VACUUM seems to be deleting Autoloader's log files.
- Mark as New
- Bookmark
- Subscribe
- Mute
- Subscribe to RSS Feed
- Permalink
- Report Inappropriate Content
05-06-2024 07:13 AM
Hello everyone,
I have a workflow setup that updates a few Delta tables incrementally with autoloader three times a day. Additionally, I run a separate workflow that performs VACUUM and OPTIMIZE on these tables once a week.

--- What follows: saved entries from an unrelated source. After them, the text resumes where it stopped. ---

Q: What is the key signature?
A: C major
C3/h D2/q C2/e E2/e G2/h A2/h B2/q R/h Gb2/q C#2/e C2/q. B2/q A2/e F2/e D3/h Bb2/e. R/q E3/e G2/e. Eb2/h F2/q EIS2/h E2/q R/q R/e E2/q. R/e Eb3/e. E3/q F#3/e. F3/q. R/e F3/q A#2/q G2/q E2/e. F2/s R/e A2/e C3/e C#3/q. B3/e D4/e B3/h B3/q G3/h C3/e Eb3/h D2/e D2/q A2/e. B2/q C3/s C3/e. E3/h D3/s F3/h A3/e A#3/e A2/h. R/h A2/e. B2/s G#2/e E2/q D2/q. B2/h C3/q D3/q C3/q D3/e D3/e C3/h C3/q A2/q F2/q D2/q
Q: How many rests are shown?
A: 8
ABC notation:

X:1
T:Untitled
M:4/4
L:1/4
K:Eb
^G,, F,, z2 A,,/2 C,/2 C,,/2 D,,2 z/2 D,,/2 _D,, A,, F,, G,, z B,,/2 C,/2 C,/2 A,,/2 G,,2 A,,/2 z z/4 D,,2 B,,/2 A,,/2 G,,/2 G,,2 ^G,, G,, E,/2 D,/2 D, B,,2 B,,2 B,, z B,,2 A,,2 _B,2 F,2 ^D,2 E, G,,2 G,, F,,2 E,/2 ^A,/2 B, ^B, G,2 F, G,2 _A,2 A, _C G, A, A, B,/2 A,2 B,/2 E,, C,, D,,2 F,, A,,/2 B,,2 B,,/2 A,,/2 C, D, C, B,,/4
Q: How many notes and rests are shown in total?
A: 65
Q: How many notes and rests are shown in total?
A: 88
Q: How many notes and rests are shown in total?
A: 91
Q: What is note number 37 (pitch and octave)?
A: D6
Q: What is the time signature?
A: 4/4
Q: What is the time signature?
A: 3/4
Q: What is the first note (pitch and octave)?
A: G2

The issue I'm facing is that the first incremental workflow execution following the weekly optimization almost always fails with the following error message:
"Stream stopped... org.apache.spark.SparkException: Exception thrown in awaitResult: dbfs:/mnt/{PATH}/sources/0/rocksdb/logs/{FILE}.log."
This error refers to a log file that no longer exists. This issue doesn't occur with all tables, just with the larger ones.
Here are the properties of the tables where this error is happening:
TBLPROPERTIES (
"delta.autoOptimize.autoCompact" = "true",
"delta.enableChangeDataFeed" = "true",
"delta.autoOptimize.optimizeWrite" = "true",
"delta.columnMapping.mode" = "name",
"delta.deletedFileRetentionDuration" = "7 days",
"delta.logRetentionDuration" = "7 days",
"delta.minReaderVersion" = "2",
"delta.minWriterVersion" = "5",
"delta.targetFileSize" = "128mb"
)
Has anyone experienced this kind of issue before? Any ideas on what might be causing this problem or suggestions for how to prevent it from happening?
Thanks in advance for your help!
- Mark as New
- Bookmark
- Subscribe
- Mute
- Subscribe to RSS Feed
- Permalink
- Report Inappropriate Content
12-04-2024 02:49 PM
The error message suggests that autoloader's state is being improperly deleted, most likely by a separate process. If your checkpoint exists inside of the root of a delta table, then VACUUM can delete its files. Make sure that you do not store checkpoints inside of delta table locations.
Otherwise, you may want to enable storage logging to get more information about how the files are being deleted.